Elettrocuzione e fulmini in ambiente montano: dalla prevenzione alla gestione sul campo

In montagna il temporale è spesso sottovalutato: considerato un fastidio più che un rischio reale, viene ignorato finché non ci si trova nel mezzo di una scarica. Eppure, i fulmini sono una delle principali cause di morte improvvisa in ambiente outdoor. Conoscerne i meccanismi, le manifestazioni cliniche e le strategie di prevenzione significa ridurre il rischio e migliorare la sopravvivenza di chi viene colpito.

 

Epidemiologia
Ogni anno nel mondo si stimano 24.000 morti e 240.000 feriti per eventi da fulmine.
In Italia i casi sono rari ma non trascurabili: circa 10–15 decessi all’anno, concentrati nei mesi estivi, soprattutto in ambiente alpino.

 

Chi rischia di più

Escursionisti e alpinisti.
Agricoltori e lavoratori all’aperto.
Sportivi e campeggiatori.

 

La fisica del fulmine
Il fulmine nasce all’interno di un cumulonembo, quando la turbolenza separa le cariche elettriche: la base della nube diventa negativa e induce dal terreno una risposta positiva.
Quando il potenziale supera centinaia di milioni di volt, l’aria cessa di fare da isolante: parte il leader discendente, che incontra un leader ascendente e chiude il circuito con la scarica al suolo.

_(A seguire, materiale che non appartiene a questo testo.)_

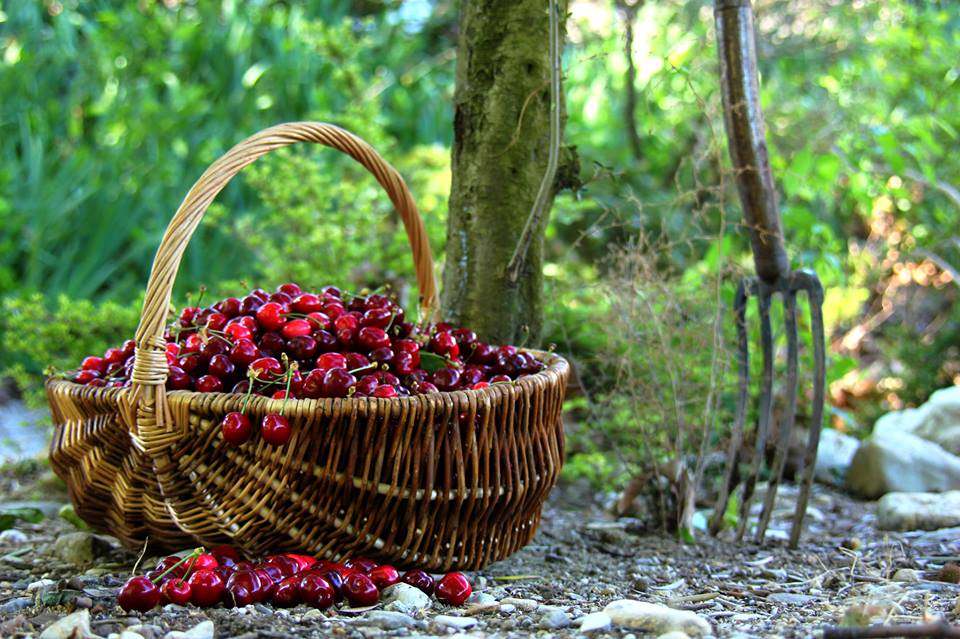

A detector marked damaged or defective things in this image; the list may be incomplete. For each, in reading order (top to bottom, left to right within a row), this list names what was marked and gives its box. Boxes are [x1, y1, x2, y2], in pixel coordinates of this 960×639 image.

Essere entro 50 metri dal punto di impatto è estremamente pericoloso: le correnti di terra possono attraversare il corpo provocando lesioni anche senza un colpo diretto.

 

Meccanismi di lesione
Il danno da fulmine non segue le stesse regole delle folgorazioni industriali. La scarica atmosferica è un fenomeno “current-driven”: dopo la formazione del canale ionizzato, l’enorme corrente fluisce con modalità difficilmente prevedibili.

 

Effetti elettrotermici
Colpo diretto – raro, quasi sempre fatale.
Contatto – la vittima tocca un oggetto colpito.
Side flash – la scarica “salta” lateralmente.
Step voltage – corrente di terra tra un piede e l’altro.
Upward streamer – piccole correnti ascendenti dal suolo.

 

Effetti traumatici
Barotrauma (onda d’urto → timpani, polmoni).
Concussione (spostamento d’aria, cadute).
Lesioni muscoloscheletriche (contrazioni violente, cadute).

 

Manifestazioni cliniche
Il quadro varia da sintomi lievi a morte improvvisa.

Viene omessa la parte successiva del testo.